Straightness (GD&T) Explained

Straightness (GD&T) Explained

ASME Y14.5 2009 GD&T Standards lists out 14 types of geometric tolerances. These 14 tolerances are bunched up into five different groups based on the type of control they offer. Among these five groups is form control.

Form control limits the final shape’s deviation from its ideal form. And GD&T straightness is one of the tolerances to assure a feature’s closeness to the ideal.

What is Straightness (GD&T)?

Straightness tolerance is a 2-dimensional GD&T callout that controls the straightness of part features. No axis can be perfectly straight. The goal is to ensure it is straight enough for the application. This callout sets a standard on how straight a feature must be along its length.

Straightness can control two very different types of functions. It is the only callout that can control either lines on a surface or a FOS (feature of size). It may be used to control the straightness of a surface or an axis.

Also, the feature control frame is different in each case. Let’s see what we mean by either of these functions.

Surface straightness

When we apply this callout to specify surface straightness, the tolerance zone forms a total wide zone above and below the ideal surface position and controls any deviations.
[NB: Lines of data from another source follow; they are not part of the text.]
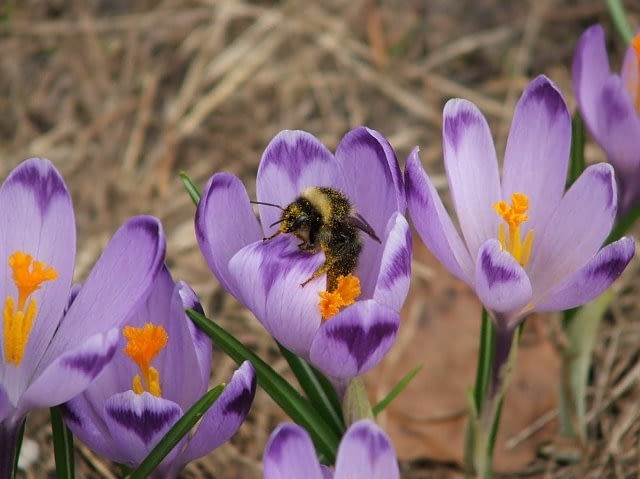 Trzmiel w płatkach krokusa - III miejsce krokus, trzmiel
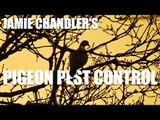 Jamie Chandler's Pigeon Pest Control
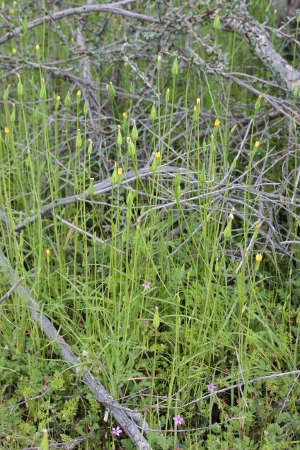  Uropappus lindleyi 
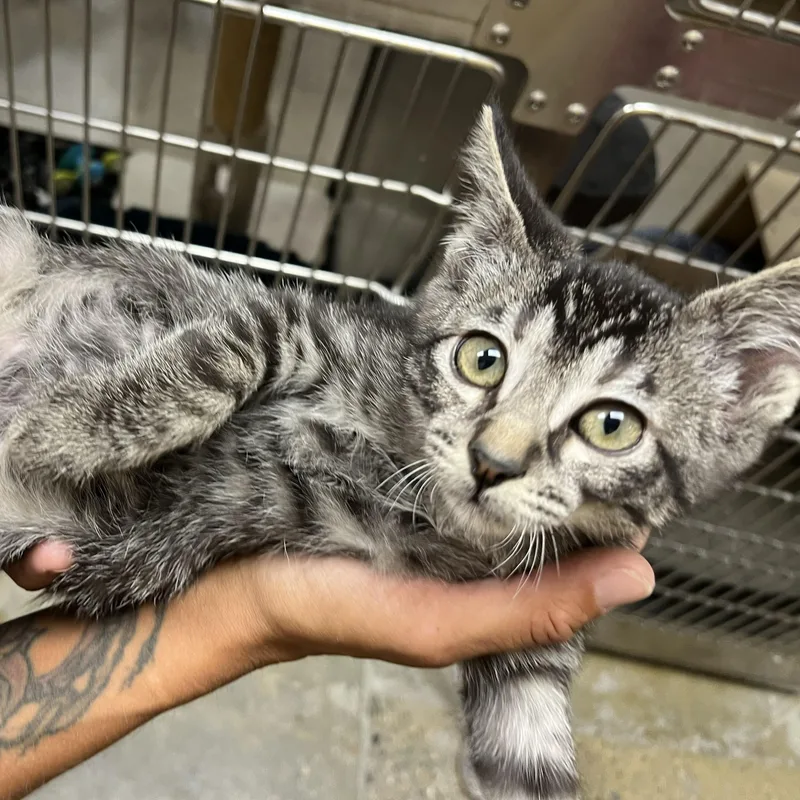 A baby medium-sized male Tabby (Gray / Blue / Silver) Domestic Short Hair cat named Eddy for adoption in Missoula, MT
Surface straightness controls the form of a line anywhere on the surface and has 2 types of applications:

The first type is a flat surface such as a face of a cube.
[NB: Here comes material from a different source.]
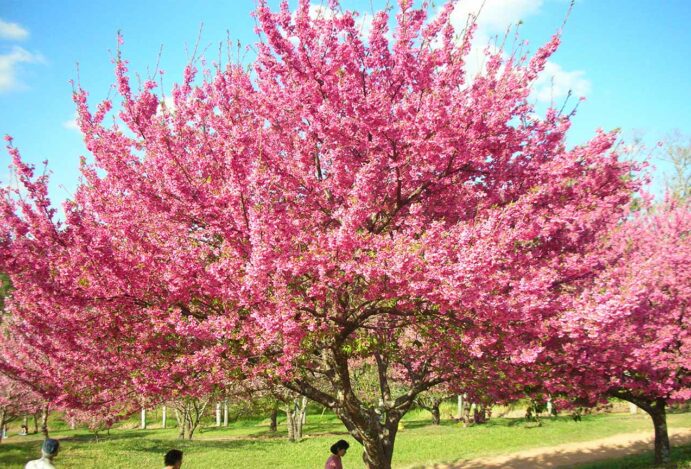 Campos do Jordão para Fotógrafos: Descubra os Locais Icônicos e Dicas Essenciais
The second type is a cylindrical surface in the axial direction.

straightness tolerance zone
2D tolerance zone along a line

In both cases, the tolerance zone forms a 2D plane. It is shown as two parallel lines (also parallel to the surface), one above and the other below the surface.

Axis straightness

The second function that this callout can control is the straightness of an axis. The amount of linear deviation in the axis is an important feature that must be controlled for a seamless assembly. The straightness callout can be used to keep this deviation of the derived median line within permissible limits.

axial straightness tolerance zone

The tolerance zone, instead of applying to the surface, applies to the part’s axis in this case. Also, instead of being above and below the axis, the tolerance zone forms a cylindrical area around the centre axis.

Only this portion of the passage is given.